INSTRUCTIONS FOR THE TASK: Narrow the data below down to the lines containing "have".

GIVEN DATA:
:::

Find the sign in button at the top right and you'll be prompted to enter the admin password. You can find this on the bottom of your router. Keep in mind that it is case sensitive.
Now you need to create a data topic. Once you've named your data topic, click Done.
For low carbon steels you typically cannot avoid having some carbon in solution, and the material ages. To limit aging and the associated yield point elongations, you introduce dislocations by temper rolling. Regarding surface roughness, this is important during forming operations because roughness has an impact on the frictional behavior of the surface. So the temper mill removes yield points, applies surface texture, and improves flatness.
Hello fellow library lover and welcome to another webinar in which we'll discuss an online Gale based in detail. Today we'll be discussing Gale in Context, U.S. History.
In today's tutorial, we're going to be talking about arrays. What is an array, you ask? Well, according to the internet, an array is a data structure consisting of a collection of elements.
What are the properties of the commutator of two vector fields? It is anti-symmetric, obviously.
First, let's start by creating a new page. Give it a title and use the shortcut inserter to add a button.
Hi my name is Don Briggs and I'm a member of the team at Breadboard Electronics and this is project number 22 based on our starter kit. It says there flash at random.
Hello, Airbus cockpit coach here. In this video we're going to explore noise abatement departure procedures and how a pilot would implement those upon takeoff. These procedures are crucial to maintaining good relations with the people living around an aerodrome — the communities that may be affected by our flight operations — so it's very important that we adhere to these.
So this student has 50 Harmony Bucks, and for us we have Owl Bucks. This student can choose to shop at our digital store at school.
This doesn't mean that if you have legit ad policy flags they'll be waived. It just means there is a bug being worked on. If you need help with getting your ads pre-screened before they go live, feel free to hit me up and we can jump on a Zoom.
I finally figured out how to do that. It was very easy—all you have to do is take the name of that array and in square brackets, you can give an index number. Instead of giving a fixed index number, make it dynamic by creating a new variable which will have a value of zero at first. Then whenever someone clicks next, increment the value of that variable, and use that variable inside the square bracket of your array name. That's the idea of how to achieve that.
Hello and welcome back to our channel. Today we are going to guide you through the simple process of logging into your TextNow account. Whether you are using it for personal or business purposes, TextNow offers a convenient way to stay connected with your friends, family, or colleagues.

:::

TASK OUTPUT:
So this student has 50 Harmony Bucks, and for us we have Owl Bucks. This student can choose to shop at our digital store at school.
This doesn't mean that if you have legit ad policy flags they'll be waived. It just means there is a bug being worked on. If you need help with getting your ads pre-screened before they go live, feel free to hit me up and we can jump on a Zoom.
I finally figured out how to do that. It was very easy—all you have to do is take the name of that array and in square brackets, you can give an index number. Instead of giving a fixed index number, make it dynamic by creating a new variable which will have a value of zero at first. Then whenever someone clicks next, increment the value of that variable, and use that variable inside the square bracket of your array name. That's the idea of how to achieve that.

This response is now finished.